Am I Spoiling My Baby? A Guide for Parents

Many parents worry they may be spoiling their baby if they respond quickly every time their baby cries. That’s why the Center for Early Education and Development (CEED) offers this guide for parents. On the one hand, they feel a strong urge to make things better immediately when their baby signals that he or she is upset. But at the same time, they think that by responding to every cry they might be making their baby overly dependent and clingy, or be teaching their baby to expect to always get what he or she wants. Sometimes friends or even the baby’s grandparents say things like, “Why do you jump every time she cries? It’s good for babies to cry.”

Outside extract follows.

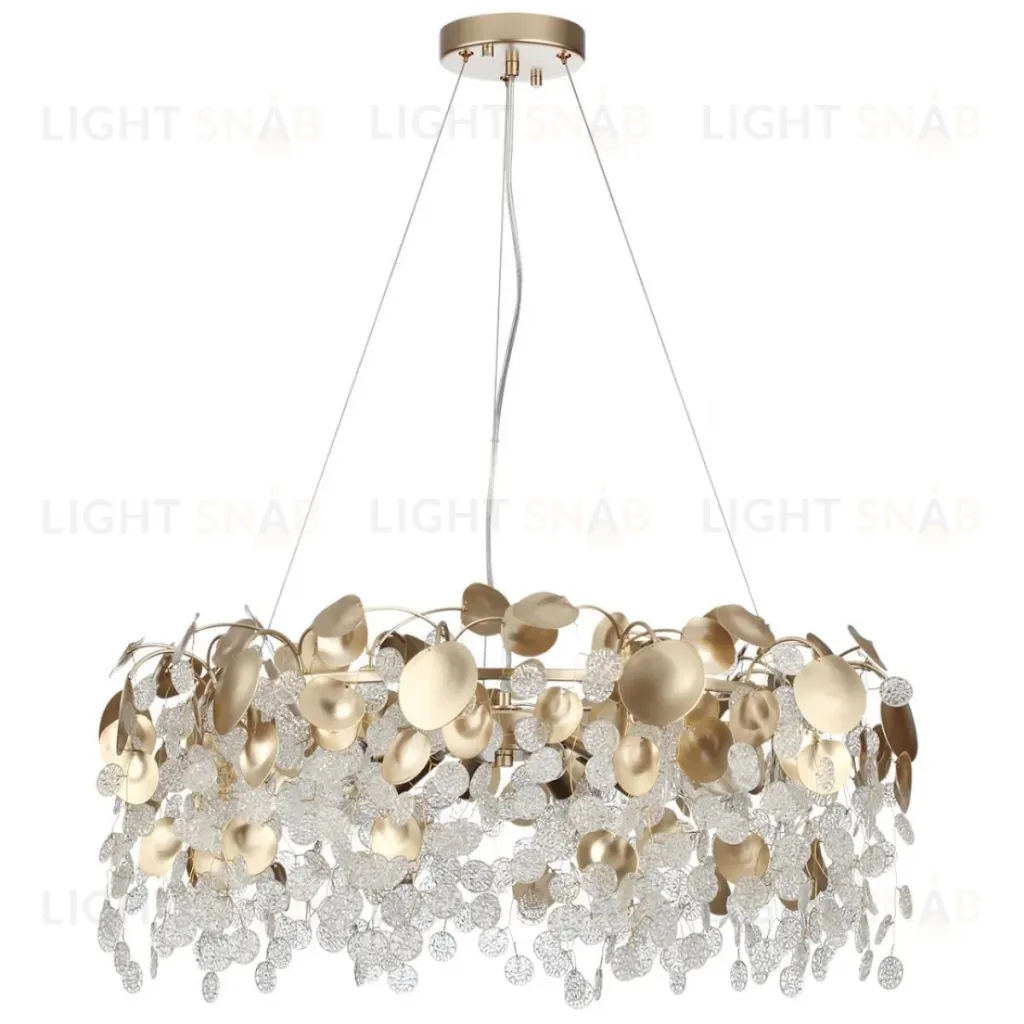 Подвесная люстра Odeon Light Classic Coins 5104/10 5104/10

Responding is Not “Spoiling”

Take heart, parents. Your instincts to respond right away to your baby’s cries are right on track. Recent research has shown that responding to your baby’s cries will not spoil your baby. In fact, babies who have been responded to quickly and consistently, especially during the first six to eight months of life, actually cry less than babies who have been left to cry. And as toddlers, the babies whose cries were responded to promptly and consistently are more independent than the children whose cries were not responded to.

It seems that one of the most important things for a baby to learn is that others will respond to him in a caring and predictable way. This also tells him that he is capable of making his needs known and getting a response. These experiences allow the baby to develop a strong trust in others and in self, a basic sense of security that the world is a good, safe place to be and that he can play an active role in this world.

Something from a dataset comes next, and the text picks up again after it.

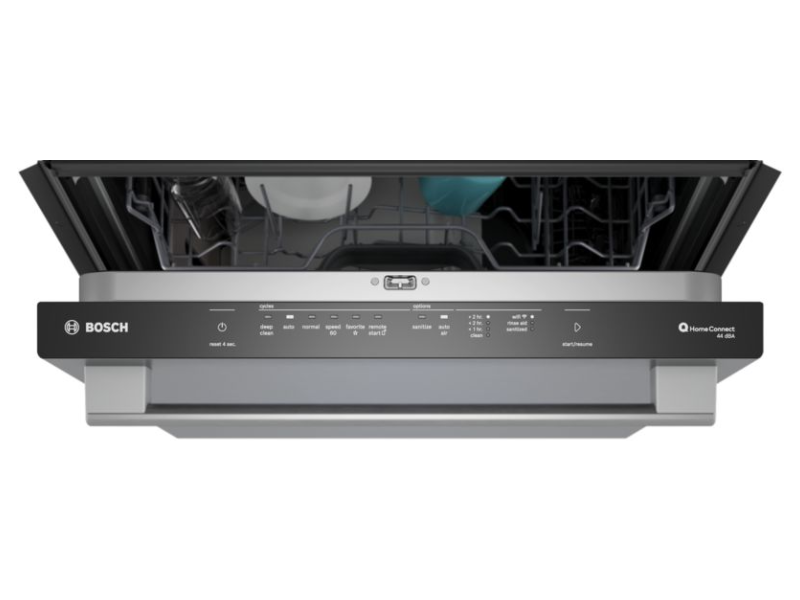 24" Bosch 500 Series Bar Handle Dishwasher - SHX65DM5N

When that security is established in infancy, then the child is free to begin exploring the world on her own, knowing that she can seek and receive help and comfort when she needs it. So it makes good sense that a child whose cries were responded to in infancy will be less likely to be whiny, clingy and “spoiled,” and will be more likely to be confident, independent and ready to go out and explore and learn.

A Variety of Responses

You may be saying to yourself, “But I can’t always respond to my child.” Of course you can’t – no one can. It is the “average” of experiences that is important to your child, so usually responding promptly should be enough. It’s also important to keep in mind that “responding” doesn’t only mean big responses like feeding or taking the baby to bed with you. In fact, if that were the only way you responded to your baby’s cries, your baby might become “spoiled” in a way, having learned that the only way to be comforted is to be fed or to go to bed with Mom or Dad. It’s good to know and use a variety of ways of responding to your baby.

Sometimes if you respond when your baby first begins to fuss, just the sound of your voice will be enough to help your baby settle down. With a young baby, moving close and talking softly in his or her ear can be effective. Other times holding your hand firmly but gently on the baby’s back or tummy will be calming. For very young babies, crossing their arms over their tummies or wrapping them snuggly in a blanket may help them to feel more calm and organized. When they become more upset their arms flail wildly, which just makes them feel more upset. Your baby’s cry also may be a way of asking for you to respond by changing a diaper, feeding or moving your baby into a different position.

Crying is Communicating

The important thing to remember is that your baby’s cry is a way of asking for something It is one of the major ways your baby has of communicating with you. Just as you like to be listened to when you talk, so does your baby. This is the basis for your baby’s development of good feelings of self and others, feelings he or she will carry forward through life.